__TASK BRIEF__: Please give every record below again exactly, and keep the pictures out.

__SUPPLIED RECORDS__:
<<<<
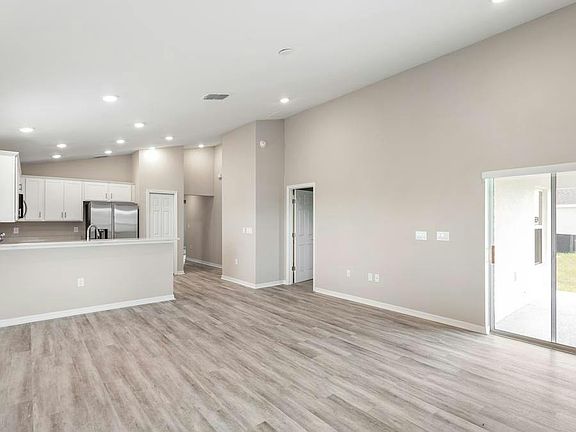 Enjoy a welcoming, open-concept living area with airy volume ceilings - Aurora by Highland Homes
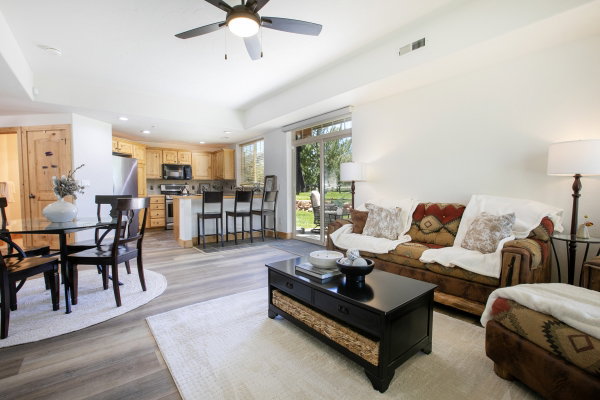 Open-concept living space featuring wood-finish flooring, recessed lighting, and a ceiling fan
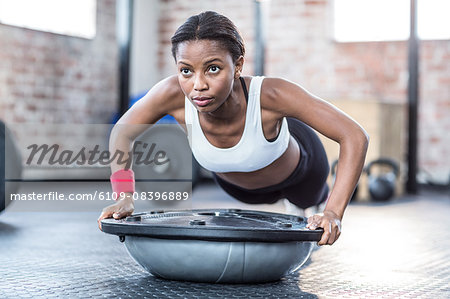 Muscular focused woman doing fitness workout Muscular focused woman doing fitness workout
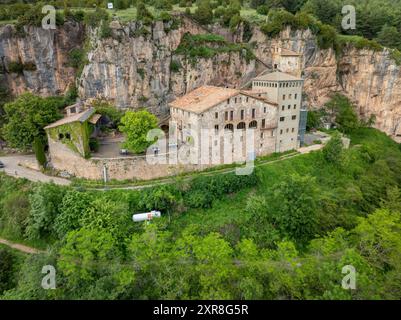 Vue aérienne du sanctuaire de Montgrony construit au pied d'une falaise dans la chaîne montagneuse de Montgrony (Ripollès, Gérone, Catalogne, Espagne, Pyrénées) Banque D'Images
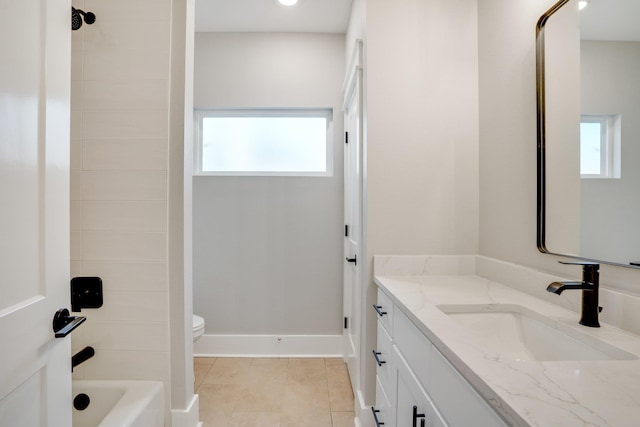 full bathroom featuring toilet, tiled shower / bath, tile patterned floors, and vanity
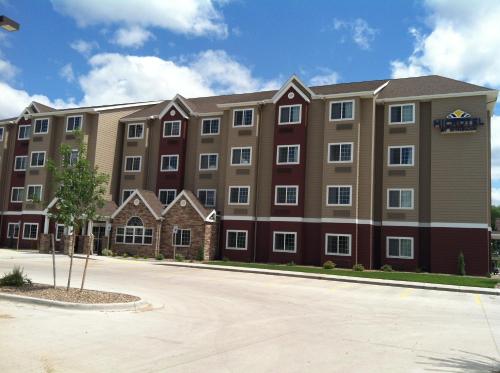 a large apartment building with a street in front at Microtel Inn & Suites in Sidney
>>>>
__WRITTEN SOLUTION__:
 Enjoy a welcoming, open-concept living area with airy volume ceilings - Aurora by Highland Homes
 Open-concept living space featuring wood-finish flooring, recessed lighting, and a ceiling fan
 Muscular focused woman doing fitness workout Muscular focused woman doing fitness workout
 Vue aérienne du sanctuaire de Montgrony construit au pied d'une falaise dans la chaîne montagneuse de Montgrony (Ripollès, Gérone, Catalogne, Espagne, Pyrénées) Banque D'Images
 full bathroom featuring toilet, tiled shower / bath, tile patterned floors, and vanity
 a large apartment building with a street in front at Microtel Inn & Suites in Sidney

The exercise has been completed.